José Marcelo Zacchi recently left the city’s Social UPP program’s top post to join the urban issues thinktank, IETS. Like everyone who’s involved with the transformation of Rio, he’s constantly demanding more. “We have a well-prepared core, but we don’t have metropolitan management, and we don’t have any connection with that core at the level of local management, decentralized, in neighborhoods,” he said about the Strategic Plan. “We  have mechanisms for planning, transparency, followup, accountability, but we have a long way to go when it comes to participation and decentralized participation at the local level.”

Pedro Paulo Teixeira, the mayor’s chief of staff who presented the plan at OsteRio, acknowledged the need for more bottom-up planning.

The Rio police are also investing heavily in planning – and personnel, and work space and conditions. They also have a long way to go. A shocking fact emerged at a May 17 presentation of the Public Safety Secretariat’s plan for the Rio + 20 Conference to foreign journalists: police called upon to work overtime at special events were paid nothing. This changes now.

“There’ll be greater willingness to work,” said Roberto Alzir, Special Undersecretary for Mega-Events. Police academy instructors also weren’t paid; the whole system is being reformulated, in large measure to produce more pacification officers. Today, 5,000 officers work in the current 22 police pacification units. The planned number for 2014 is 12,500.

It helps if they’re moving upwards

Clearly regard for those at the bottom of the pyramid is growing. It’s not for nothing that TV Globo’s new novela das oito, Avenida Brasil, features the not-so-poor-anymore of Rio’s North and West Zones and has reached the best kickoff audience statistics over any other prime-time soap in the last five years. Parenthetically, TV Globo recently started calling the eight o’clock novela a nine o’clock novela, which has always been the time the program airs– definitely a good sign.

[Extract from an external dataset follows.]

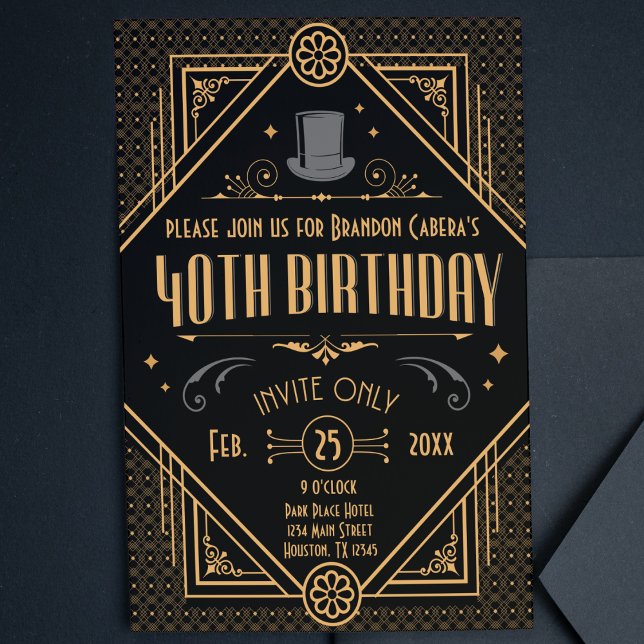 1920er Jahre Art Deco Black & Gold 40th Birthday P Einladung (40th birthday speakeasy 1920s gold invite casino Art Deco cool classy unique invitation for him)
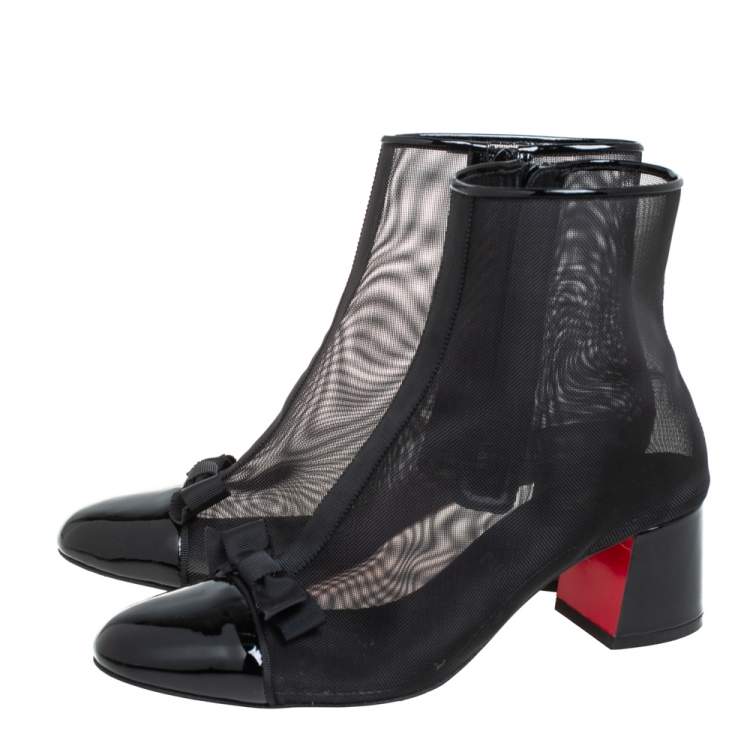 Pre Owned Christian Louboutin Black Mesh And Patent leather Checkypoint Ankle Boots Size 36.5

Ricardo Henriques, who in August leaves his post as president of  Rio’s strategic planning and data agency, Instituto Pereira Passos (IPP), speaks of a “reconfiguration of the social fabric,” and says that cariocas are learning how to engage in dialogue. Mr. Henriques, who passes on his responsibilities, including the Social UPP program, to Eduarda de la Rocque, currently municipal Finance Secretary, built the program around the concept of “strong listening.” The results have greatly expanded urban services and also drawn criticism, part of the vibrant give-and-take currently going on here.

Clientelist and patrimonial behavior can be seen not only among elites, but the poor too, observes Henriques. “They often come with a list of demands, instead of a readiness to dialogue,” he noted during a Rio de Encontros debate last week on entrepreneurship and sustainability. “We have to break the armor on both sides, to build trust.”

During a discussion partly sponsored by energy and mining magnate Eike Batista’s EBX Institute with director Pedro Rivera at Columbia University’s Graduate School of Architecture, Planning and Preservation’s local Studio X, urban agitator Marcus Faustini echoed that thought. He suggested the creation of “Territorial Funds,” to be managed by community members. “You have to empower people to decide where they want to go,” he added. “They aren’t prepared. It would even be a teaching tool. They have to plan, not ask for things. Everyone has to change.”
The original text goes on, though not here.